G Quelle est la raison qui nous amène de nos jours, pour beaucoup, à nous soumettre au-delà de ce qui semble raisonnable ? Cela me semble être en premier lieu notre addiction à une consommation toujours plus grande. Nous sommes, pour beaucoup, engagés dans des crédits, de l’appartement, la maison, de la voiture, du réfrigérateur, du dernier Smartphone, ou de je ne sais quoi (parfois pas tellement indispensable). Cela dit, maintenant, il faut faire face à ses engagements financiers ; le champ des libertés s’en trouve quelque peu réduit. Bien faibles sont les possibilités de dire non à son patron, de refuser les heures supplémentaires, la polyvalence, les nouvelles tâches. Comme dans la fable de La Fontaine, le loup, s’il devient chien, devra chasser pour ses maîtres s’il veut manger. C’est la nouvelle servitude. Des mouvements ont tenté de se créer, des mouvements de décroissance, par exemple, mais cela semble trop tard, nous nous sommes mis la corde au cou.

G Lorsqu’on étudie la philosophie, les philosophes épicuriens nous enseignent déjà comment sortir de nos servitudes et déjà de la servitude de nos désirs non nécessaires. Déjà, ne pas craindre les dieux, s’ils existent. Déjà, cultiver l’amitié, ce que nous nommerons aussi solidarité. Les hommes solidaires sont plus difficiles à soumettre, d’où la volonté politique d’une certaine forme de tyrannie économique de promouvoir l’individualisme. Mais, même si nous sommes nés libres, est-ce que nous sommes prêts à en payer le prix ?

Quelques citations entendues au cours du débat :

« Ils sont grands parce que nous sommes à genoux. » [Phrase injustement attribuée à La Boétie et déformée. La formule exacte, tirée d’un discours prononcé en 1792 par Pierre Victurnien Vergnaud, est : « Les grands ne sont grands que parce que nous sommes à genoux. Levons-nous ! »]

« Telle est pourtant la faiblesse des hommes : contraints à l’obéissance, obligés de temporiser, ils ne peuvent pas toujours être les plus forts. » (La Boétie. Discours de la servitude volontaire.)

« Certains hommes, nous dit Schelling, sont de tempérament indépendants, et ont besoin de croire à leur liberté, les autres qui dépendent dans leur pensée et leurs sentiments, trouvent leur esclavage commode, et ont besoin de croire en leur impuissance.
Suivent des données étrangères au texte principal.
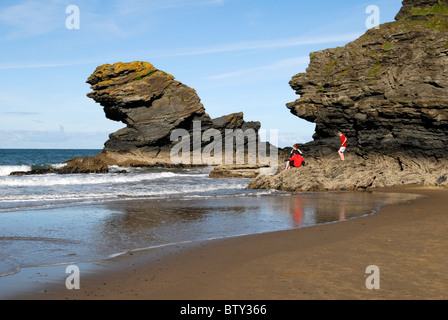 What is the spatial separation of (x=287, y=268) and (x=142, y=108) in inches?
2229

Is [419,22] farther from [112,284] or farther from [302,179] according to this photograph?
[112,284]

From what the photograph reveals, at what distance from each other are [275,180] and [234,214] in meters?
9.68

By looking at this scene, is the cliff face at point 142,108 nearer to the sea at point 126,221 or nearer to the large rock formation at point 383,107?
the large rock formation at point 383,107

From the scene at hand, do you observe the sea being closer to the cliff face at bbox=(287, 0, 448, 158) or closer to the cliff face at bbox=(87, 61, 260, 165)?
the cliff face at bbox=(287, 0, 448, 158)

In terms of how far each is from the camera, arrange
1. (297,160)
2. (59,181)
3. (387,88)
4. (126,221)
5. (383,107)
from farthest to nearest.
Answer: (59,181) < (387,88) < (383,107) < (297,160) < (126,221)

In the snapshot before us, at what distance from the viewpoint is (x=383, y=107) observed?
77.9 ft

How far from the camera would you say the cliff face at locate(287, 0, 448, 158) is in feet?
71.5

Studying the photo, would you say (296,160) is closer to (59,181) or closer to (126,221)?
(126,221)

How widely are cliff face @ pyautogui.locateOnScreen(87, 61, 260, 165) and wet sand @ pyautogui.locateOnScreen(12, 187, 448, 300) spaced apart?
173ft

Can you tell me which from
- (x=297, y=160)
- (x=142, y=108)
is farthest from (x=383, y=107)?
(x=142, y=108)

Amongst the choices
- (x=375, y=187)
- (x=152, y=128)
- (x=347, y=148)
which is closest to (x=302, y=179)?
(x=375, y=187)

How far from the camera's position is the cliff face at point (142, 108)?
58094mm

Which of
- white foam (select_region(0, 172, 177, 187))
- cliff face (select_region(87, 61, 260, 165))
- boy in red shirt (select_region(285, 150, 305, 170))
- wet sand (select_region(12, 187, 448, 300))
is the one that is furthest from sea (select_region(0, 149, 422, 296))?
cliff face (select_region(87, 61, 260, 165))

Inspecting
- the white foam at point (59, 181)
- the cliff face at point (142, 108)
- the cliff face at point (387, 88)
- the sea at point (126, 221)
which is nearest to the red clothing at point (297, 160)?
the cliff face at point (387, 88) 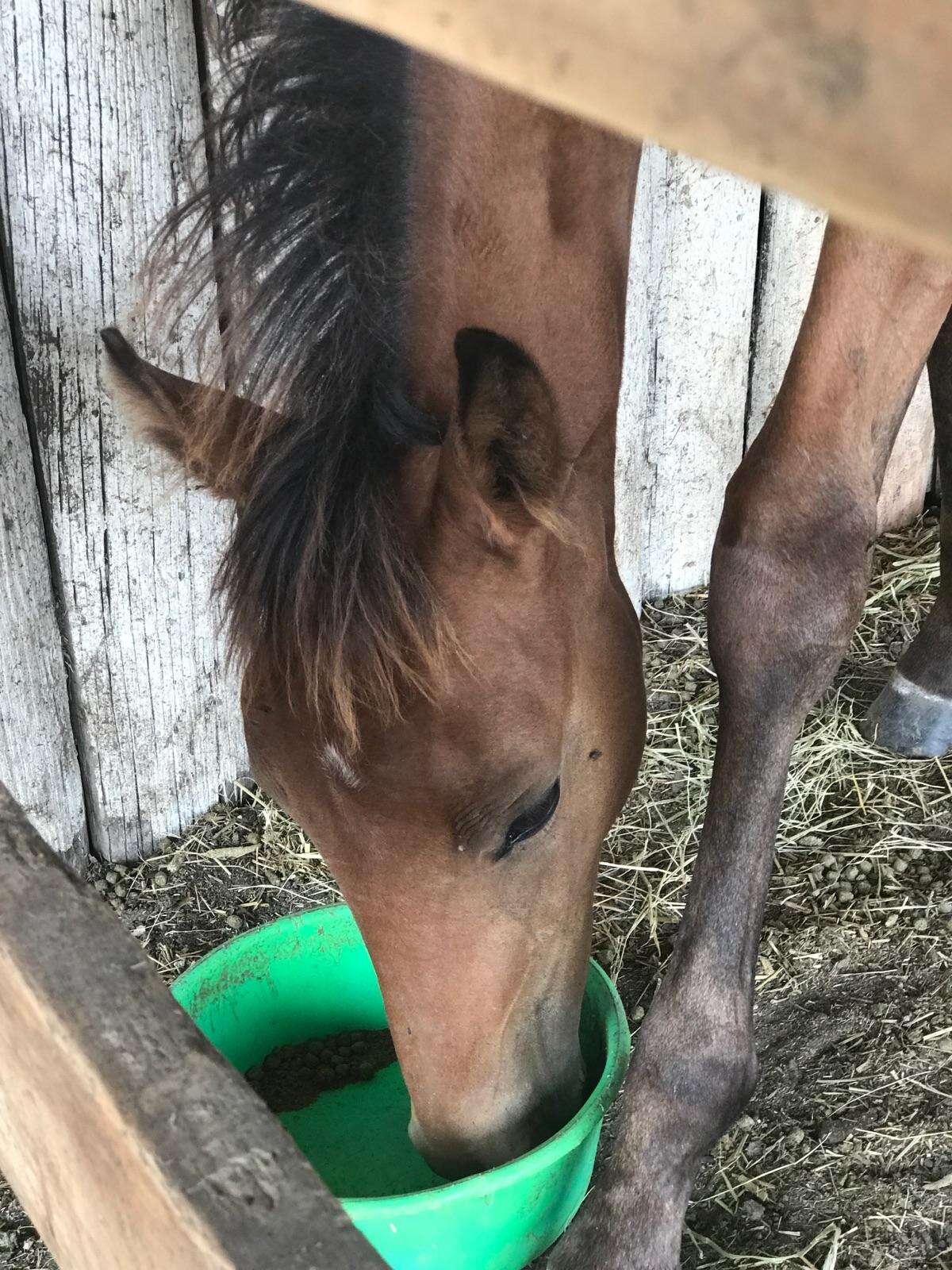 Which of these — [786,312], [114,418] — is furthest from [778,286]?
[114,418]

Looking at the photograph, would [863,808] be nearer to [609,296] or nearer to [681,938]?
[681,938]

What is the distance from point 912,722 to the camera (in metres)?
2.35

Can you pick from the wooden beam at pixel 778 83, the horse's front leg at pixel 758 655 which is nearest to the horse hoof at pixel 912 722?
the horse's front leg at pixel 758 655

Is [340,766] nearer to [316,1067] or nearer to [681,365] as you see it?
[316,1067]

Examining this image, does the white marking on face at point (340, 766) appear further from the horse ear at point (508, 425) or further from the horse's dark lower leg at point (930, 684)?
the horse's dark lower leg at point (930, 684)

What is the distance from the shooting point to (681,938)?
1.53 meters

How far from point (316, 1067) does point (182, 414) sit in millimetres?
983

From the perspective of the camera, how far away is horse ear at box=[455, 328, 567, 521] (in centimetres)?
98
Les uns, poursuit-il, sont nés idéalistes, les autres sont des dogmatiques nés. Ainsi, c’est le caractère de l’homme qui détermine son choix entre ces deux points de vue philosophiques. La philosophie que l’on choisit dépend de l’homme que l’on est. » (Fichte. Introduction to the Wissenschaftslehre)
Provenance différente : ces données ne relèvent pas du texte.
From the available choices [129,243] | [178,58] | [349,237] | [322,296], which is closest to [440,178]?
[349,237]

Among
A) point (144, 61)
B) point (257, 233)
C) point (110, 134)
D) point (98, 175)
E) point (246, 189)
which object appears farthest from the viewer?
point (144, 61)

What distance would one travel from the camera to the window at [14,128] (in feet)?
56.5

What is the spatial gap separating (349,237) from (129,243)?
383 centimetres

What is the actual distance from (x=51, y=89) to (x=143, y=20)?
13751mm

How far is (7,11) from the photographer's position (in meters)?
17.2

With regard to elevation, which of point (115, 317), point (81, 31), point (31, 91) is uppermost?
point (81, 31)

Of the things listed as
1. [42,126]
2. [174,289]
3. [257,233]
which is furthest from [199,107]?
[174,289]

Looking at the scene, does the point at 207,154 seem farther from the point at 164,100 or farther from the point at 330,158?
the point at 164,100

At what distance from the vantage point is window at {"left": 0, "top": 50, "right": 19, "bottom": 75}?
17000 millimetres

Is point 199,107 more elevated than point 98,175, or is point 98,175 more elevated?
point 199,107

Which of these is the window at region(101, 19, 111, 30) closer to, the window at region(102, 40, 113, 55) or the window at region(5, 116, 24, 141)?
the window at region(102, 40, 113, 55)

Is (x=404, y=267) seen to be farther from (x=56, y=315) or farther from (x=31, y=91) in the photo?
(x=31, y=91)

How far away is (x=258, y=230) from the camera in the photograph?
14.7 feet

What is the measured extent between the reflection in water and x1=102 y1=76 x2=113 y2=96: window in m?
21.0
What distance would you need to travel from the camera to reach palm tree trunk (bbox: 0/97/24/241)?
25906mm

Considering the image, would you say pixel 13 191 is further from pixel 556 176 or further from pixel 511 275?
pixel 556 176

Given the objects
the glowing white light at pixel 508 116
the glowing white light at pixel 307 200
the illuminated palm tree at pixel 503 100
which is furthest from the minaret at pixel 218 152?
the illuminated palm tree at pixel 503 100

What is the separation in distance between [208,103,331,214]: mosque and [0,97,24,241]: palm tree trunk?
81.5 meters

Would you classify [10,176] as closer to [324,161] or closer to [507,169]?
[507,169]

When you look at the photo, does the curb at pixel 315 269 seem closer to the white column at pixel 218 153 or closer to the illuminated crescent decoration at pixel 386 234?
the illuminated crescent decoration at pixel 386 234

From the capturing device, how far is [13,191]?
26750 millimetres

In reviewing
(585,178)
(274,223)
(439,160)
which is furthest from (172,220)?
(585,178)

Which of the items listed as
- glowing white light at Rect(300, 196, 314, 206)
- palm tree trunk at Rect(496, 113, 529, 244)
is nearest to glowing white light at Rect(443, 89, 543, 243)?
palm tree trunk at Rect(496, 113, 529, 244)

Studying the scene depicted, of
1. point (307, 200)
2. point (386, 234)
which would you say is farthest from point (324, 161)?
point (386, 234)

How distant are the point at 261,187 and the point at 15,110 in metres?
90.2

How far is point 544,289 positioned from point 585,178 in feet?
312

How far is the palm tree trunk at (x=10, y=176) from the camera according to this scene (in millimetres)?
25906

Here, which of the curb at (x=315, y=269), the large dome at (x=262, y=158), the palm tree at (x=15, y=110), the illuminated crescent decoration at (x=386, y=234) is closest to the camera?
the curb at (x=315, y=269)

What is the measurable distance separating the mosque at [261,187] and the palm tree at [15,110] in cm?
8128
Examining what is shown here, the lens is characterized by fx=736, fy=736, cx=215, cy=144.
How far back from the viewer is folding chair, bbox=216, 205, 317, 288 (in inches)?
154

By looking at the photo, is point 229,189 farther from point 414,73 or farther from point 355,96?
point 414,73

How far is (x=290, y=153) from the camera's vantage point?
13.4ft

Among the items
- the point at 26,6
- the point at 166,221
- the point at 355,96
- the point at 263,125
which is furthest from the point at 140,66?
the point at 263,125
« Ne soyez pas esclaves des hommes ! Ne souffrez pas que vos droits soient impunément foulés aux pieds ! Ne vous humiliez pas devant les grands de ce monde ! Celui qui se fait ver de terre, peut-il  se plaindre d’être écrasé ? » (Kant)

Œuvres citées :

Livres :
Discours de la servitude volontaire ou le Contr’un. 1549. Etienne de La Boétie. Editions Mille-et-une-nuits. 1997.
Essai sur l’art de ramper à l’usage des courtisans. 1764. Baron d’Holbach.
http://www.ebooksgratuits.com/pdf/holbach_art_de_ramper.pdf
Capitalisme, désir et servitude. Marx et Spinoza. Frédéric Lordon. Editions La Fabrique. 2010.
Leçons d’éthique. Kant. Le livre de poche. 1997.

Théâtre :
Bienvenue dans l’angle alpha.
Pièce de Judith Bernard créée au Théâtre de Ménilmontant du 7 janvier au 26 février 2014.

Cinéma :
Deux jours, une nuit. Film des frères Dardenne sorti le 21 mai 2014.